Short descriptive text snippets
-*-*-
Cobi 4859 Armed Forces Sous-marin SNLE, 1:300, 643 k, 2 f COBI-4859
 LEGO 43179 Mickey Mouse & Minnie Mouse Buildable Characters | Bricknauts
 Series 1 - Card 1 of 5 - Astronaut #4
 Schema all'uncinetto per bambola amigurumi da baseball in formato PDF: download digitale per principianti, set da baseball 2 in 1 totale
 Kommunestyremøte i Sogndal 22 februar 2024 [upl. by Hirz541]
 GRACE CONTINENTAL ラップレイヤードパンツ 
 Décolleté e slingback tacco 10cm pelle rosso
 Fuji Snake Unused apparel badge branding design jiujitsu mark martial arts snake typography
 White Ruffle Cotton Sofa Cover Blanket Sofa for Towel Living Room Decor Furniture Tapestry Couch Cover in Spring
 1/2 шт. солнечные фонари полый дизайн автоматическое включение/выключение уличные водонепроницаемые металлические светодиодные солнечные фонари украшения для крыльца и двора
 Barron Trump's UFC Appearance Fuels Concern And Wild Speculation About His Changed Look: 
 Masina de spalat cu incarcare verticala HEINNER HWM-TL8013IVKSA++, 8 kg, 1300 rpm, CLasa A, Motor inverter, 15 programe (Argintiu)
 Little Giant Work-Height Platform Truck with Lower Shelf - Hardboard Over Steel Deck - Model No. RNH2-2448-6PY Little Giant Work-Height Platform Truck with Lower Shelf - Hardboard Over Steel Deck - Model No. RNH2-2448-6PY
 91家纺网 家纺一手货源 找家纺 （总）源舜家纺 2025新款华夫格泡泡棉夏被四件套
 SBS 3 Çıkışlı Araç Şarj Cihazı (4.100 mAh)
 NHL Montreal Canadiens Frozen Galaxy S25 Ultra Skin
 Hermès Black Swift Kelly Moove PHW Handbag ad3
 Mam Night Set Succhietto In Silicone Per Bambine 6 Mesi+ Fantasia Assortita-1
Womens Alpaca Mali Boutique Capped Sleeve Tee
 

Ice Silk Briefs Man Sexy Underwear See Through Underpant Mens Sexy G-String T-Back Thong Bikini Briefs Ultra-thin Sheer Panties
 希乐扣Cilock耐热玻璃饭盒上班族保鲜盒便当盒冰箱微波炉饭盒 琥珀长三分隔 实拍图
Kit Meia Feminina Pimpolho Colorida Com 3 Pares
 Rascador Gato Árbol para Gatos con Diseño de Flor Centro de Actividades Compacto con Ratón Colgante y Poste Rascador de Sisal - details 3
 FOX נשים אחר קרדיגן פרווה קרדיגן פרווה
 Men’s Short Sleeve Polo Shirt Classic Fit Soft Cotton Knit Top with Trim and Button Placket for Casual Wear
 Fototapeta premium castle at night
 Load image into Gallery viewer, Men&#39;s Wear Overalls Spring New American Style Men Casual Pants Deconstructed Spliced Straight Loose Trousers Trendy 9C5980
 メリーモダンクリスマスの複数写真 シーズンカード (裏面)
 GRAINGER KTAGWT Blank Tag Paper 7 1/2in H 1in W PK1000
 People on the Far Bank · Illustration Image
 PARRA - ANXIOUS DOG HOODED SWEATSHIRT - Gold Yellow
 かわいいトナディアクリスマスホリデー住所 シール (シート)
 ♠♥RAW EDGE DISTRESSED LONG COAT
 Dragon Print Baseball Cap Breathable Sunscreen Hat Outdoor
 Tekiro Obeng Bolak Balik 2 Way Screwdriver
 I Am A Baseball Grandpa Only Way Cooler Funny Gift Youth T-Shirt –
-*-*-
• _Directions for this task_: Print each entry above exactly as given.

• _Written solution_:
Cobi 4859 Armed Forces Sous-marin SNLE, 1:300, 643 k, 2 f COBI-4859
 LEGO 43179 Mickey Mouse & Minnie Mouse Buildable Characters | Bricknauts
 Series 1 - Card 1 of 5 - Astronaut #4
 Schema all'uncinetto per bambola amigurumi da baseball in formato PDF: download digitale per principianti, set da baseball 2 in 1 totale
 Kommunestyremøte i Sogndal 22 februar 2024 [upl. by Hirz541]
 GRACE CONTINENTAL ラップレイヤードパンツ 
 Décolleté e slingback tacco 10cm pelle rosso
 Fuji Snake Unused apparel badge branding design jiujitsu mark martial arts snake typography
 White Ruffle Cotton Sofa Cover Blanket Sofa for Towel Living Room Decor Furniture Tapestry Couch Cover in Spring
 1/2 шт. солнечные фонари полый дизайн автоматическое включение/выключение уличные водонепроницаемые металлические светодиодные солнечные фонари украшения для крыльца и двора
 Barron Trump's UFC Appearance Fuels Concern And Wild Speculation About His Changed Look: 
 Masina de spalat cu incarcare verticala HEINNER HWM-TL8013IVKSA++, 8 kg, 1300 rpm, CLasa A, Motor inverter, 15 programe (Argintiu)
 Little Giant Work-Height Platform Truck with Lower Shelf - Hardboard Over Steel Deck - Model No. RNH2-2448-6PY Little Giant Work-Height Platform Truck with Lower Shelf - Hardboard Over Steel Deck - Model No. RNH2-2448-6PY
 91家纺网 家纺一手货源 找家纺 （总）源舜家纺 2025新款华夫格泡泡棉夏被四件套
 SBS 3 Çıkışlı Araç Şarj Cihazı (4.100 mAh)
 NHL Montreal Canadiens Frozen Galaxy S25 Ultra Skin
 Hermès Black Swift Kelly Moove PHW Handbag ad3
 Mam Night Set Succhietto In Silicone Per Bambine 6 Mesi+ Fantasia Assortita-1
Womens Alpaca Mali Boutique Capped Sleeve Tee
 

Ice Silk Briefs Man Sexy Underwear See Through Underpant Mens Sexy G-String T-Back Thong Bikini Briefs Ultra-thin Sheer Panties
 希乐扣Cilock耐热玻璃饭盒上班族保鲜盒便当盒冰箱微波炉饭盒 琥珀长三分隔 实拍图
Kit Meia Feminina Pimpolho Colorida Com 3 Pares
 Rascador Gato Árbol para Gatos con Diseño de Flor Centro de Actividades Compacto con Ratón Colgante y Poste Rascador de Sisal - details 3
 FOX נשים אחר קרדיגן פרווה קרדיגן פרווה
 Men’s Short Sleeve Polo Shirt Classic Fit Soft Cotton Knit Top with Trim and Button Placket for Casual Wear
 Fototapeta premium castle at night
 Load image into Gallery viewer, Men&#39;s Wear Overalls Spring New American Style Men Casual Pants Deconstructed Spliced Straight Loose Trousers Trendy 9C5980
 メリーモダンクリスマスの複数写真 シーズンカード (裏面)
 GRAINGER KTAGWT Blank Tag Paper 7 1/2in H 1in W PK1000
 People on the Far Bank · Illustration Image
 PARRA - ANXIOUS DOG HOODED SWEATSHIRT - Gold Yellow
 かわいいトナディアクリスマスホリデー住所 シール (シート)
 ♠♥RAW EDGE DISTRESSED LONG COAT
 Dragon Print Baseball Cap Breathable Sunscreen Hat Outdoor
 Tekiro Obeng Bolak Balik 2 Way Screwdriver
 I Am A Baseball Grandpa Only Way Cooler Funny Gift Youth T-Shirt –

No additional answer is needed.